In the case where the dummy film 131 is the SBT film, an amorphous
film is deposited on the ferroelectric film 122 by a solution
application method such as sol-gel method using alkoxide including
Sr and Ta and acetic acid Bi hydrate, or MOD method using a
carboxylic acid metallic salt. After the amorphous film desiccates,
crystallization annealing is performed in oxygen atmosphere by a
process such as RTO. In this case, it is also possible to repeat
the application, desiccation, and crystallization annealing
process. In the case where the dummy film 131 is a dielectric film
such as SiO.sub.2 or TiO.sub.2, it is possible to form the dummy
film 131 by solution application method such as sol-gel method or
MOD method, solution dipping method, sputtering method such as bias
sputtering method, CVD method such as mist CVD method, evaporation
method or the like. Similarly, it is possible to form the dummy
film 131 by these methods in the case where the dummy film 131 is
the ferroelectric film. In the case where the dummy film 131 is
deposited by solution application method, solution dipping method,
or bias sputtering method, the dummy film 131 having a flat surface
is deposited. The mean roughness (Ra) of the irregularities on the
surface of the dummy film 131 is about a few nm which is 5 nm or
less. This value is smaller than the mean roughness of the
irregularities on the surface of an MOCVD film.

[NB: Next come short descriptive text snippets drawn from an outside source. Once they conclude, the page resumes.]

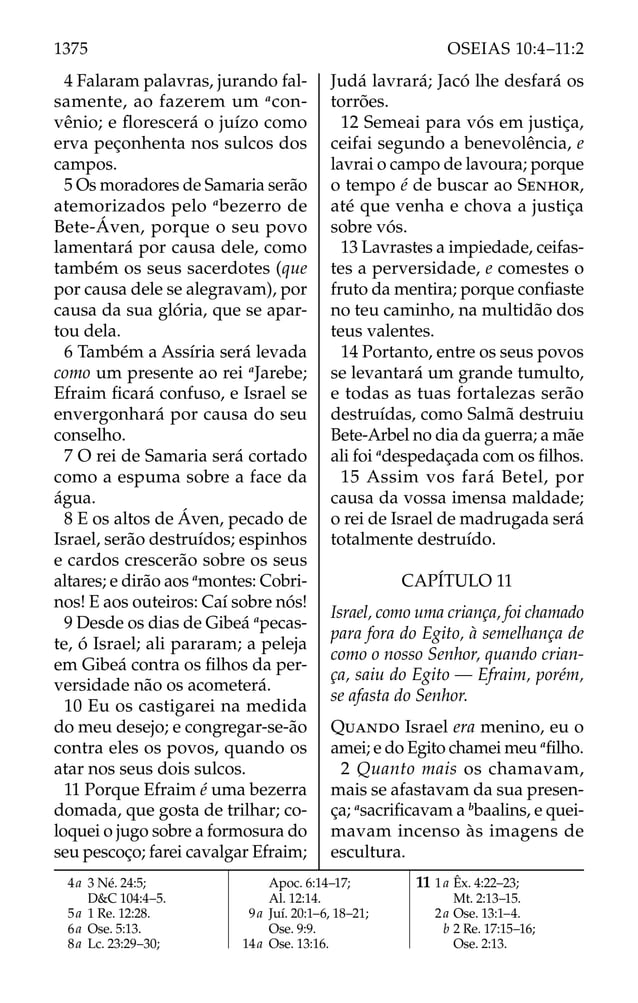 Biblia Sagrada 01.pdf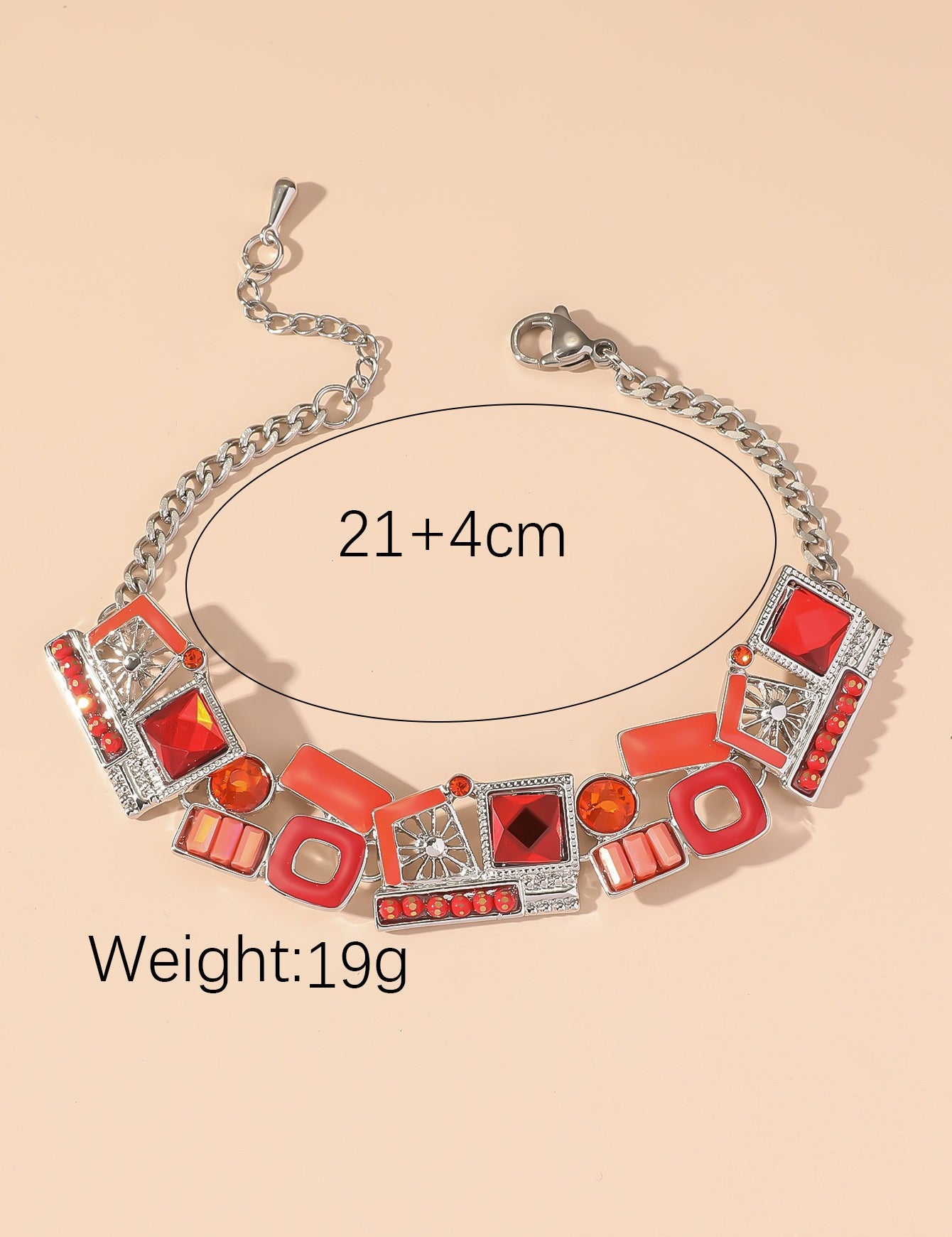 Bracelet 24PEBR001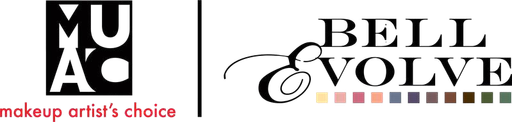 Makeup Artists' Choice logo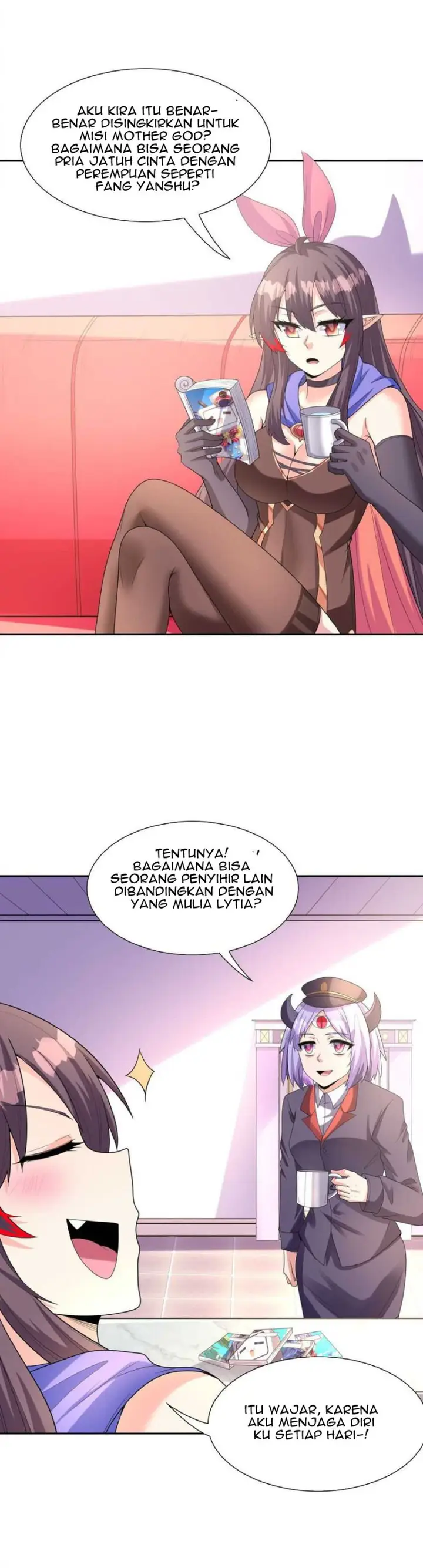 image-komik-my-harem-is-entirely-female-demon-villains-chapter-47-27/31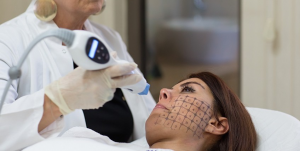 Центры эстетической медицины Эстетика (Estethica)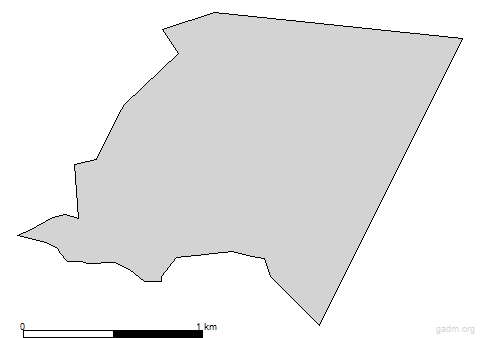 third level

[0066] Subsequently, etch-back or polishing is performed to the
dummy film 131 by a technique of the RIE, CMP or the like, so as to
expose the ferroelectric film 122 on the surface of the substrate
101. In the case of using the RIE, a selection ratio between the
ferroelectric film 122 and the dummy film 131 is reduced to perform
the etch-back evenly over the entire surface, by the methods such
as setting the temperature between 200 to 300.degree. C., using a
chlorine or fluorine gas, and applying a bias voltage, so that the
Ra of the surface (exposed surface) of the ferroelectric film 122
becomes 5 nm or less. In the case of using the CMP, the
ferroelectric film 122 is exposed on the surface of the substrate
101 by planarizing the surface of the dummy film 131, so as to set
the Ra of the surface (exposed surface) of the ferroelectric film
122 at 5 nm or less. In these planarizing processes, the
ferroelectric film 122 is exposed to improve capacitor
characteristics. However, if the deterioration of the capacitor
characteristics is within an allowable range, the dummy film 131
may remain on a part of the ferroelectric film 122. It is also
possible, after the planarizing process, to perform the annealing
process for the purpose of recovering from crystal structure damage
on the ferroelectric film surface caused in the planarizing
process. For example, it is possible to restore the perovskite
structure which has become defective, by an RTO process at
600.degree. C.
[0067] The following description will describe details and
variations of the upper electrode film 123.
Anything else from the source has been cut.